Retour sur la saga des héros paralympiques

Les marocains s'illustrent à Tokyo

A Tokyo, les athlètes paralympiques marocains ont fait mieux que ceux ayant représenté le Maroc aux Jeux olympiques dans la capitale japonaise, qui n’ont ramené qu’une seule médaille dans leurs valises.

Les héros de Tokyo. On pourrait ainsi qualifier la belle saga des représentants marocains lors de la 16e édition des Jeux paralympiques qui se déroulés dans la capitale nippone du 24 août au 5 septembre 2021. Au pays du Soleil levant, ils ont été tout simplement époustouflants. Bilan: 11 médailles, dont 4 en or, 4 en argent et 3 en bronze, soit cinq médailles de plus par rapport aux Jeux de Londres en 2012 et quatre de plus que les Jeux de Rio en 2016. Une performance qui a permis au Maroc de se classer 30e sur 87 pays dans le tableau final des médailles.

Les athlètes se sont particulièrement bien illustrés en fournissant trois reliques dorées au Royaume. Cerise sur le gâteau, chacune d’entre elle est accompagnée d’un record du monde ou paralympique. Abdeslam Hili a ouvert le bal en décrochant, le 2 septembre, la première médaille d’or du Royaume dans cette compétition, durant le 400 m (T12). Le sprinteur marocain, qui a réalisé un chrono de 47 sec 59/100è, battait sur le coup le record mondial de cette épreuve. Il sera par la suite imité par ses compatriotes Ayoub Sadni, vainqueur du 400 m T47 avec aussi à la clé un record du monde, et El Amin Chentouf, qui a remporté haut la main le marathon (T12), dernière épreuve des Jeux, avec un chrono de 2h 21 min 43 secondes.

Des primes financières
Le champion marocain qui a établi un nouveau record paralympique, signait ainsi un doublé spectaculaire après sa victoire à Rio quatre ans plus tôt. Un succès qui lui permet de garnir son armoire à médailles, après celles d’or et d’argent glanées à Londres et à Rio dans le 5.000 m. L’autre métal précieux a été l’oeuvre de Zakaria Derhem, qui a brillé durant le lancer du poids (F33) en signant lui aussi un record paralympique.

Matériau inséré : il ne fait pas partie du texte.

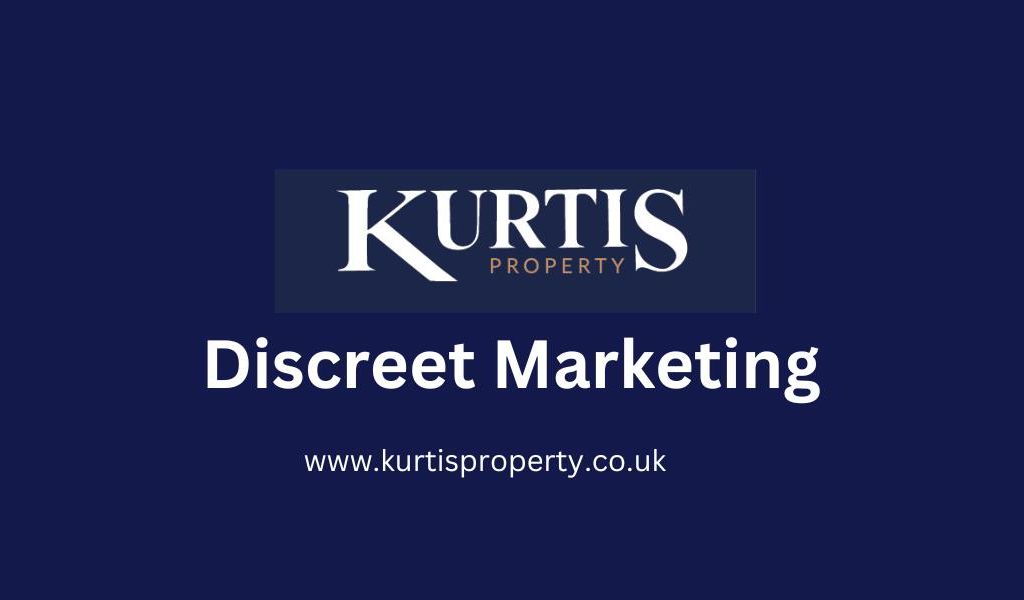 4 bed detached house for sale in Bournebridge Lane, Stapleford Abbotts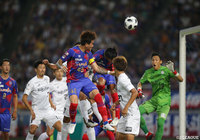 FC東京はキャプテンのチャン ヒョンスがヘディングシュートを放つがゴールならず…【明治安田Ｊ１ 第20節 FC東京vs神戸】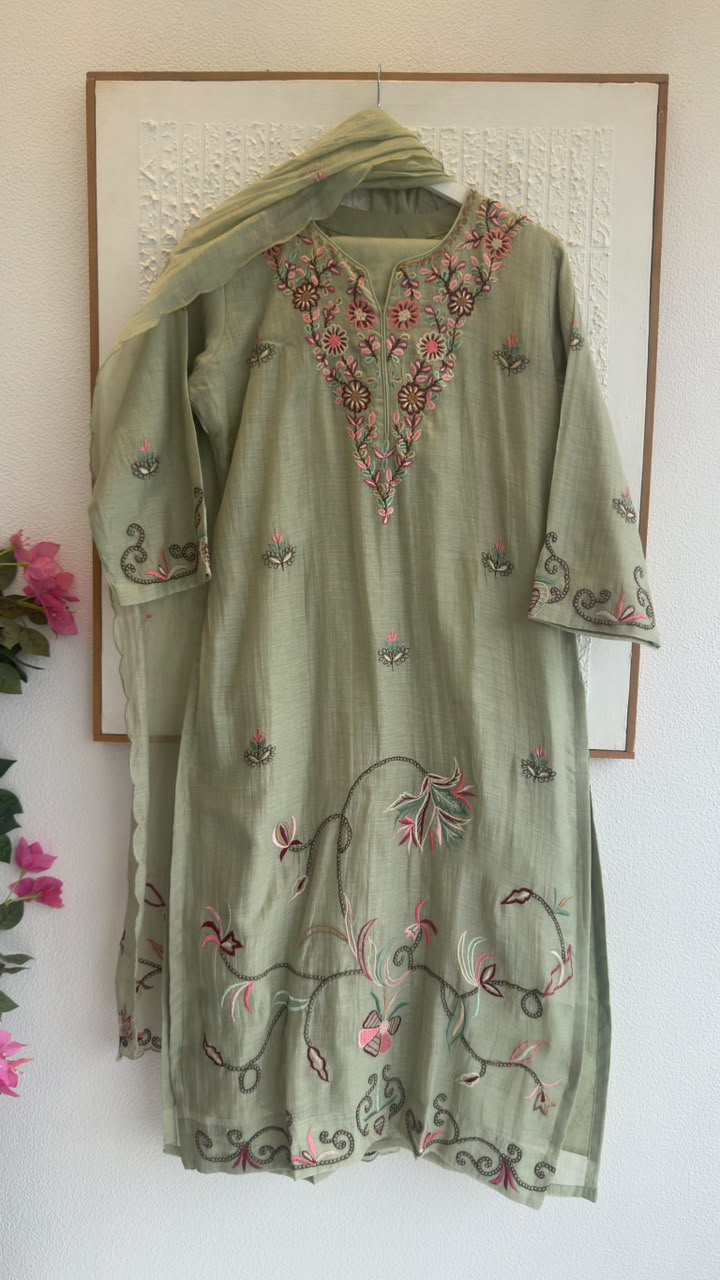 Kashmiri style embroidery mul chandari straight suit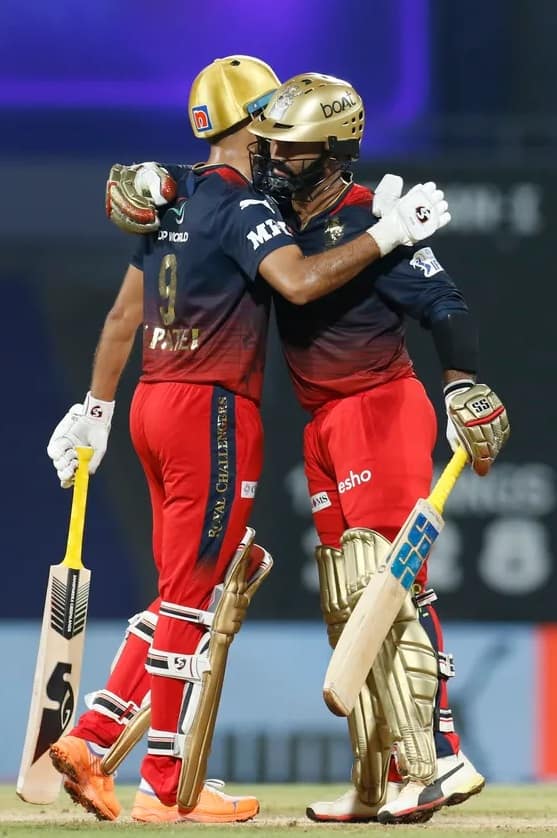 আন্দ্রে রাসেলকে ছক্কা ও চার মেরে চার বল বাকি থাকতে আরসিবিকে ম্যাচ জেতান দীনেশ কার্তিক।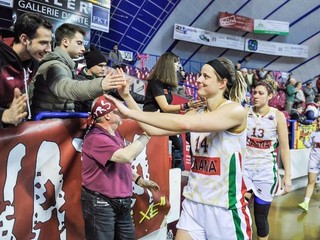  Marie Růžičková v drese Benátok.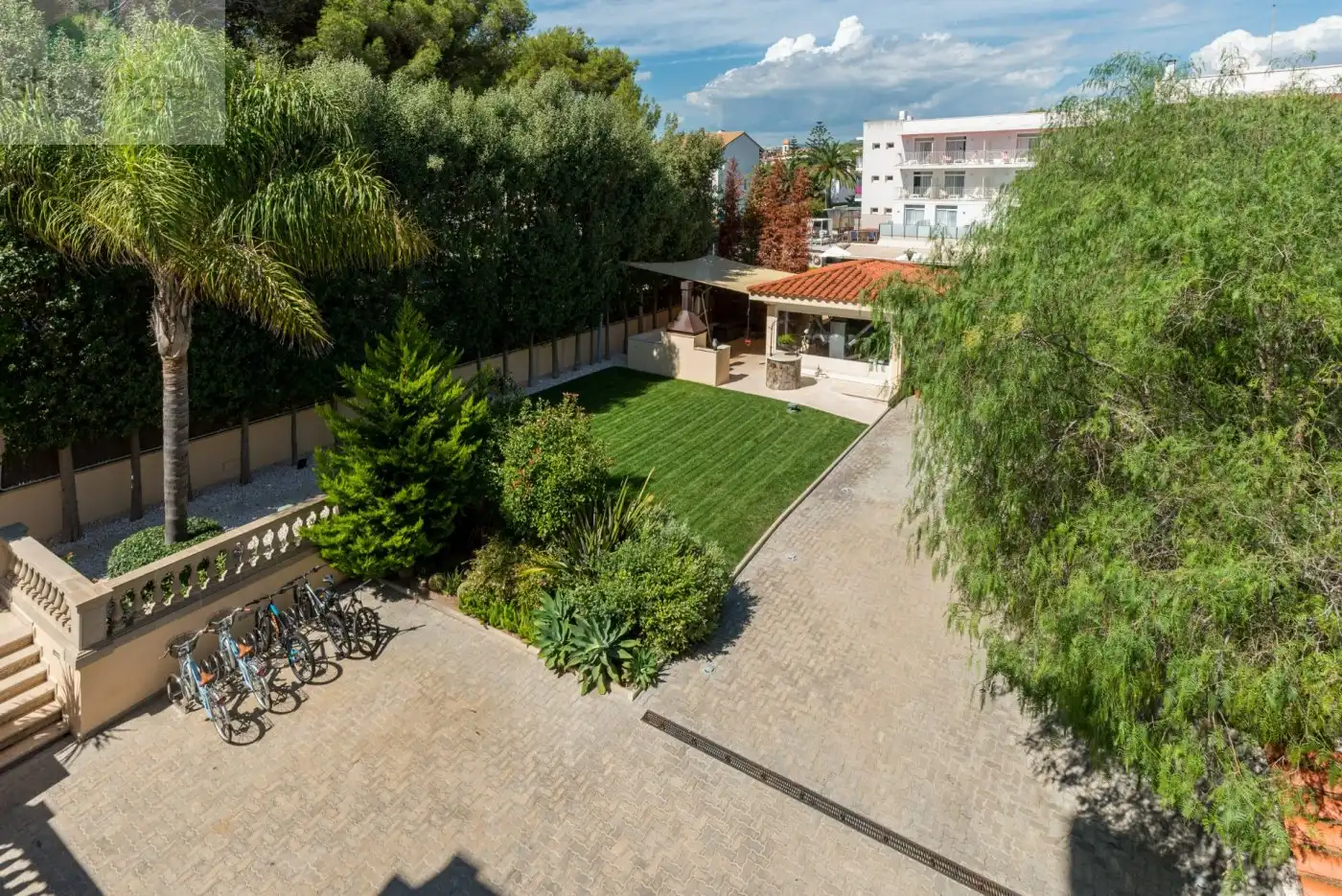 Terrassa de Casa o xalet en venda en Sitges amb Aire condicionat, Calefacció i Jardí privat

A défaut d’or, d’autres membres de l’équipe se sont adjugé l’argent pour s’inviter dans le podium. Il s’agit de Mohammed Amgoun dans le 400 m (T13), Azeddine Nouiri au lancer du poids (F34), Youssra Karim au lancer du disque (F41) et Fouzia El Kassioui au lancer du poids femme (F33). Le bronze s’est également invité dans le coffre à médailles, grâce aux performances de Hayat El Garaa au lancer du disque (F41) et Saida Amoudi au lancer du poids (F34).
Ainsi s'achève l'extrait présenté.